Why do I do it? Set myself another challenge, that is? When I’d decided I would have a break from it all? Clearly this is one of life’s mysteries.
It’s time for the Classics Club‘s 21st ‘spin’. The last one I opted to do was before last Christmas and my pick was Charlotte Brontë’s Shirley. Guess what? It took me till a month ago to finish it. Fingers crossed the next one will be more successful.
- List any twenty books left to read from the Classics Club list.
- Number them from 1 to 20.
- On Monday 23rd September the Classics Club will announce a number.

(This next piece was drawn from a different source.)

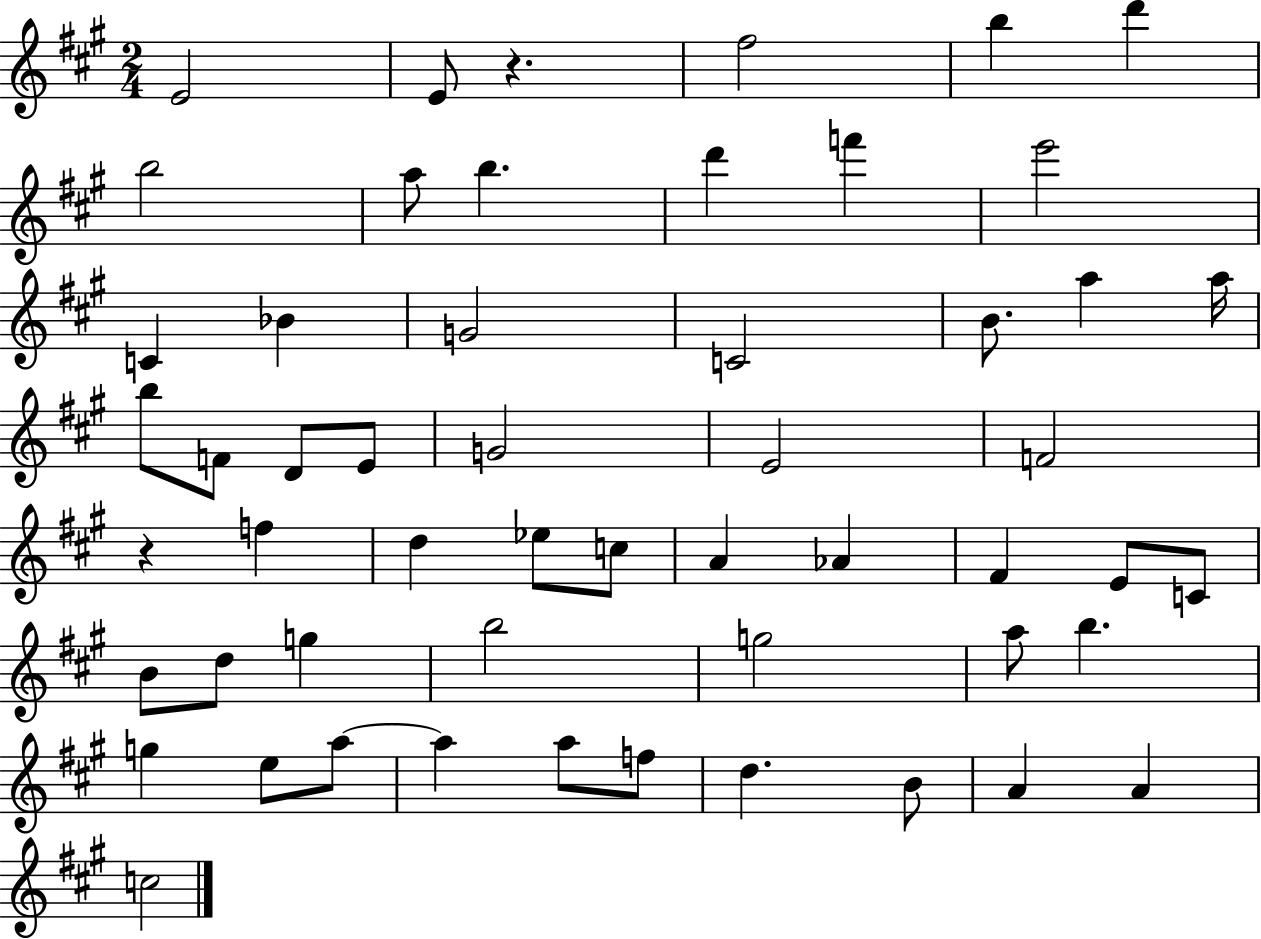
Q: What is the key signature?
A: A major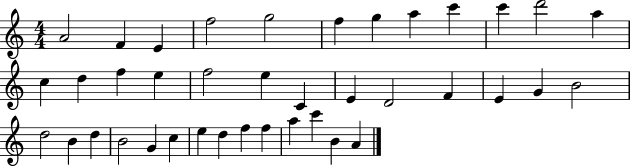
A4/h F4/q E4/q F5/h G5/h F5/q G5/q A5/q C6/q C6/q D6/h A5/q C5/q D5/q F5/q E5/q F5/h E5/q C4/q E4/q D4/h F4/q E4/q G4/q B4/h D5/h B4/q D5/q B4/h G4/q C5/q E5/q D5/q F5/q F5/q A5/q C6/q B4/q A4/q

- This is the book that needs to read by 31st October.
Here’s my list:
- Apollonius: Jason and the Golden Fleece
- Petronius Arbiter: The Satyricon
- J M Barrie: Peter Pan
- William Beckford: Vathek
- Charlotte Bronte: Jane Eyre
- Frances Hodgson Burnett: A Little Princess
- Edgar Rice Burroughs: The Return of Tarzan
- Thomas Carlyle: Sartor Resartus
- Edmund Crispin: The Case of the Gilded Fly
- Charles Dickens: Oliver Twist
- Hermann Hesse: The Glass Bead Game
- M R James: Collected Short Stories
- Rudyard Kipling: Kim
- D H Lawrence: The Princess and other stories
- Niccolò Machiavelli: The Prince
- John Milton: Comus
- E Nesbit: The Power of Darkness
- Mervyn Peake: Gormenghast
- Mark Twain: The Adventures of Tom Sawyer
- Horace Walpole: The Castle of Otranto
Now, you’ll have realised we’re into meteorological autumn in the northern hemisphere — and 23rd September will be the autumn equinox — and therefore just the season for spooky tales. I’ve opted then to keep in tales of mystery and the supernatural, titles like Vathek, Jane Eyre, The Case of the Gilded Fly, M R James’ Collected Short Stories, E Nesbit’s The Power of Darkness, Gormenghast and The Castle of Otranto.

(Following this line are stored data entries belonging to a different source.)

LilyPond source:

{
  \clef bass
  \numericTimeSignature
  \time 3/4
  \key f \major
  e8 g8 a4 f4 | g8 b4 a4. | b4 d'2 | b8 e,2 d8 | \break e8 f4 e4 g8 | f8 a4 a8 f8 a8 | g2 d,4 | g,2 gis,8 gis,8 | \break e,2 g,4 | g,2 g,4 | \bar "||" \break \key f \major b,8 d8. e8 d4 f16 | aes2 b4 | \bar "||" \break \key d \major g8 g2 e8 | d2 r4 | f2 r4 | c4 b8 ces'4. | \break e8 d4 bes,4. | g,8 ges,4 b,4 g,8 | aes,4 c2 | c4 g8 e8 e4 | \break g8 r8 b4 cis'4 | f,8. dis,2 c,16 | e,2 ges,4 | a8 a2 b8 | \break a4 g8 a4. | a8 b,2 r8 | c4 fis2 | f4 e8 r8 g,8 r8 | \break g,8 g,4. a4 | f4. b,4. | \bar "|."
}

Quite a few of these also fit into the Readers Imbibing Peril challenge (which, you remember, I am not doing) which has as its categories Mystery, Suspense, Thriller, Dark Fantasy, Gothic, Horror, and Supernatural. I’ll leave you to suss out which one goes where.

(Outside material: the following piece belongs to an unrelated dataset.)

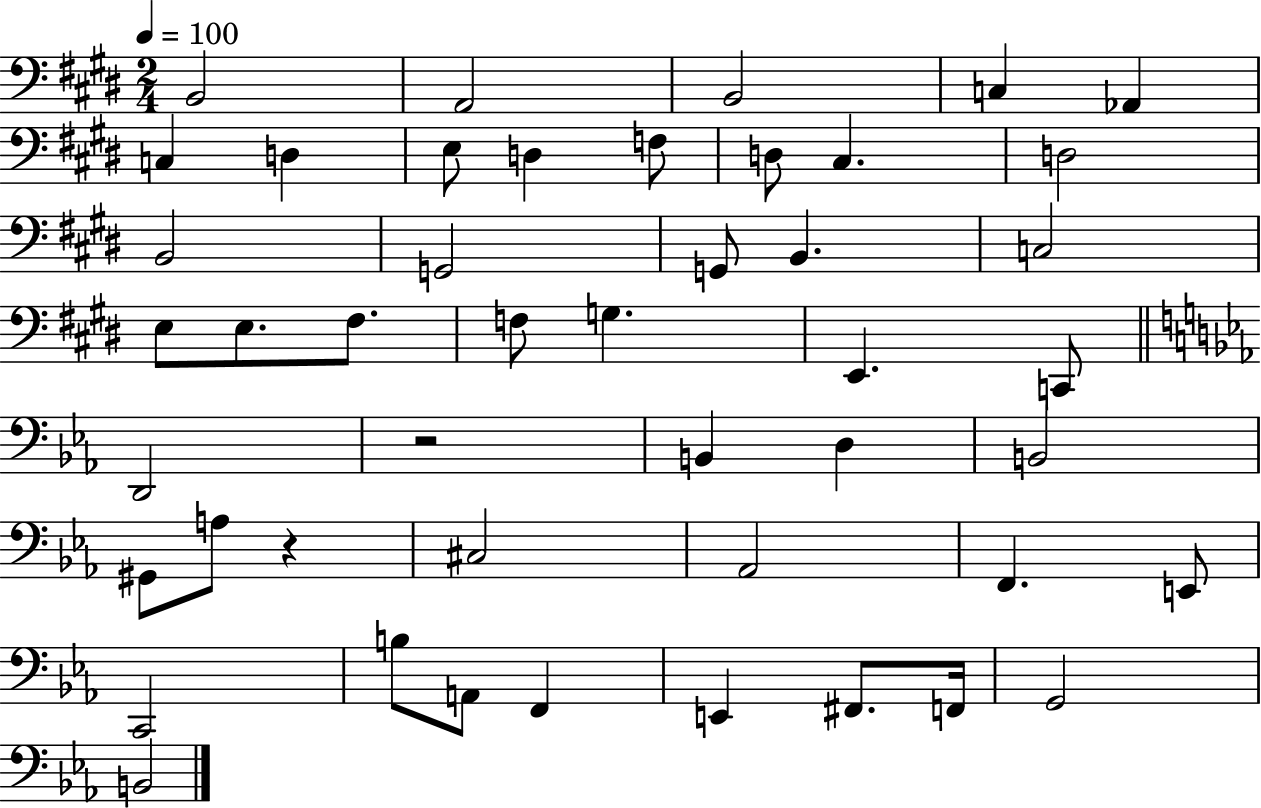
B2/h A2/h B2/h C3/q Ab2/q C3/q D3/q E3/e D3/q F3/e D3/e C#3/q. D3/h B2/h G2/h G2/e B2/q. C3/h E3/e E3/e. F#3/e. F3/e G3/q. E2/q. C2/e D2/h R/h B2/q D3/q B2/h G#2/e A3/e R/q C#3/h Ab2/h F2/q. E2/e C2/h B3/e A2/e F2/q E2/q F#2/e. F2/s G2/h B2/h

Most of the titles are relatively (and mercifully) short — so much else to read — but I have retained a few chunkier works on the list, such as the Apollonius, the aforementioned Gormenghast and The Glass Bead Game.
Are there any on my list that catches your eye for any reason?
Here’s a gratuitous photo of secondhand books in an Oxfam bookshop taken on a recent visit to Bristol. Unusually, I didn’t actually purchase anything here.
Update: the spin number is 5, Charlotte Bronte’s Jane Eyre.